In summary, the data may produce new insights regarding OC pathogenesis and treatment. Hub genes and candidate drugs may improve individualized diagnosis and therapy for OC in future.
卵巢癌(OC)在全球妇科癌症相关死亡原因中排名第五。迄今为止,OC 的肿瘤发生和预后的分子机制尚未完全阐明。本研究旨在鉴定 OC 中涉及的枢纽基因和治疗药物。
从基因表达综合数据库(GEO)中下载了四个基因表达谱(GSE54388、GSE69428、GSE36668 和 GSE40595),通过 GEO2R 和 FunRich 软件首先鉴定 OC 组织和正常组织中差异表达基因(DEGs),其调整后 P 值 < 0.05,|log 倍变化(FC)| > 1.0。接下来,对这些 DEGs 进行基因本体论(GO)和京都基因与基因组百科全书(KEGG)分析,以进行功能富集分析。然后,通过 cytoHubba 插件和其他生物信息学方法(包括蛋白质-蛋白质相互作用(PPI)网络分析、模块分析、生存分析和 miRNA-枢纽基因网络构建)鉴定枢纽基因。最后,利用 GEPIA2 和 DGIdb 数据库分别验证枢纽基因的表达水平,并选择 OC 的候选药物。
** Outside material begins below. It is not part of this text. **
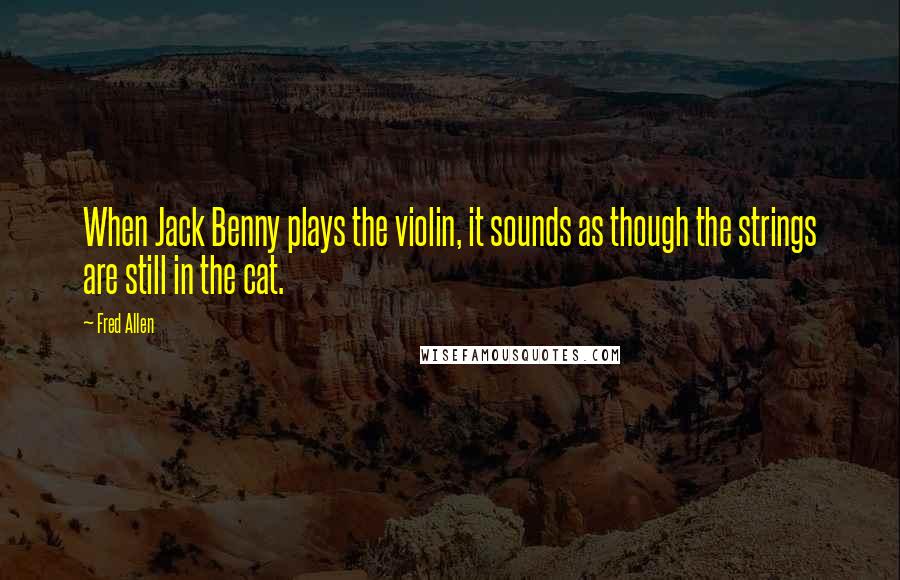 Fred Allen Quotes: When Jack Benny plays the violin, it sounds as though the strings are still in the cat.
共鉴定出 171 个 DEGs,包括 114 个上调 DEGs 和 57 个下调 DEGs。GO 分析结果表明,上调的 DEGs 主要参与细胞分裂、核和蛋白质结合,而下调的 DEGs 的生物学功能富集主要是 RNA 聚合酶 II 启动子转录的负调控、蛋白质复合物和顶端侧质膜、糖胺聚糖结合。至于 KEGG 途径,上调的 DEGs 主要与代谢途径、抗生素生物合成、氨基酸生物合成、细胞周期和 HTLV-I 感染有关。此外,鉴定出 10 个枢纽基因(KIF4A、CDC20、CCNB2、TOP2A、RRM2、TYMS、KIF11、BIRC5、BUB1B 和 FOXM1),这些枢纽基因的生存分析表明,OC 患者的 CCNB2、TYMS、KIF11、KIF4A、BIRC5、BUB1B、FOXM1 和 CDC20 表达水平较高,其无进展生存期更有可能较差。同时,基于 GEPIA2 的枢纽基因表达水平与基于 GEO 的表达水平一致。最后,DGIdb 数据库用于鉴定 62 种小分子作为 OC 治疗的潜在靶向药物。
综上所述,这些数据可能为 OC 的发病机制和治疗提供新的见解。枢纽基因和候选药物可能会提高未来 OC 的个体化诊断和治疗水平。